Monday, April 25, 2016

Unsahckled Moments ~ April 25 ~ I'm Not OK

I'm not OK As my wonderful wife said not to long ago this morning, I haven't been OK in a while. There's something tumultuous going on within me, and I can not describe nor identify it. It still takes me too long during those times when I fall off a cliff emotionally to stop trying to control my fall and surrender completely to God. I wish that weren't so, but it is. The more I try to control my emotions and reactions, the more I lose control as I grow more and more frustrated and afraid that I can't.

I know that I am powerless over myself and to fix myself. Yet even after years of learning and walking in the truth that brings freedom and even years of ministry I still try.It;s embarrassing to admit, because I know better, and yet. I must be weary of the trip were I  begin to believe that after a certain amount of time and a certain amount of understanding I must hold myself responsible to walk in that truth. Knowledge is not enough. I am most certainly as in need of grace to walk in the truth now as I was when I had so much less understanding of truth. I am still powerless over my natural and old nature now as I was before.
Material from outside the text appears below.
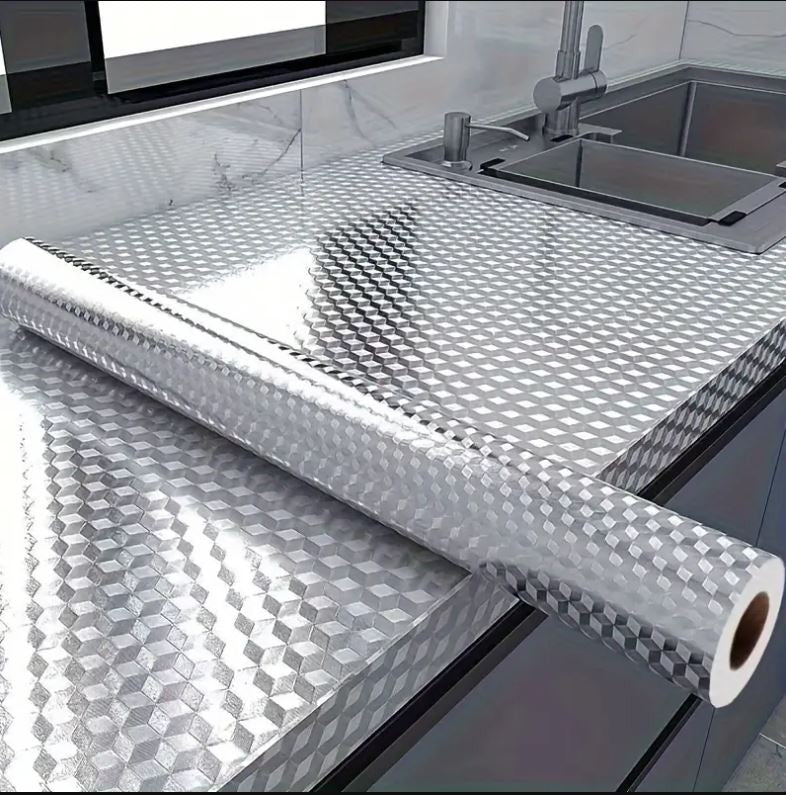 Folie autoadeziva aluminiu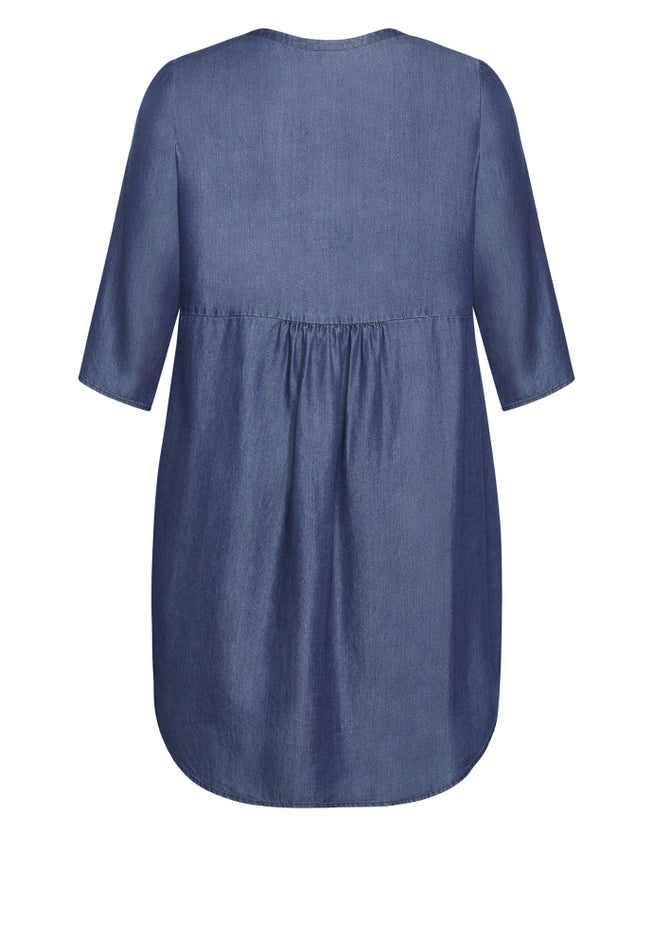 Mae Pintuck Shirtdress image number 10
And I have to avoid that other trap as well, the one that makes me feel  like I can no longer struggle or be weak in areas of freedom and grace and still minister.

Walking in freedom for multiple years, having more wisdom than in the past, and yes, even being called to help others with what has been learned and minister does not suddenly make me or anyone qualified or able to do anything on our strength. It feels backwards when emotions are out of control, but we actually need to remember that we are no more able to do anything on our own after learning to rely on God's grace than we were before.

Sometimes it feels like it should be like learning to ride a bike. We can't do it. We can't maintain balance. So, we;re given training wheels for a time. After a while the training wheels come off and, though we may fall occasionally, we learn to ride on our own without them. But walking with God, overcoming fears and healing wounds is not like riding a bike at all. It's the opposite.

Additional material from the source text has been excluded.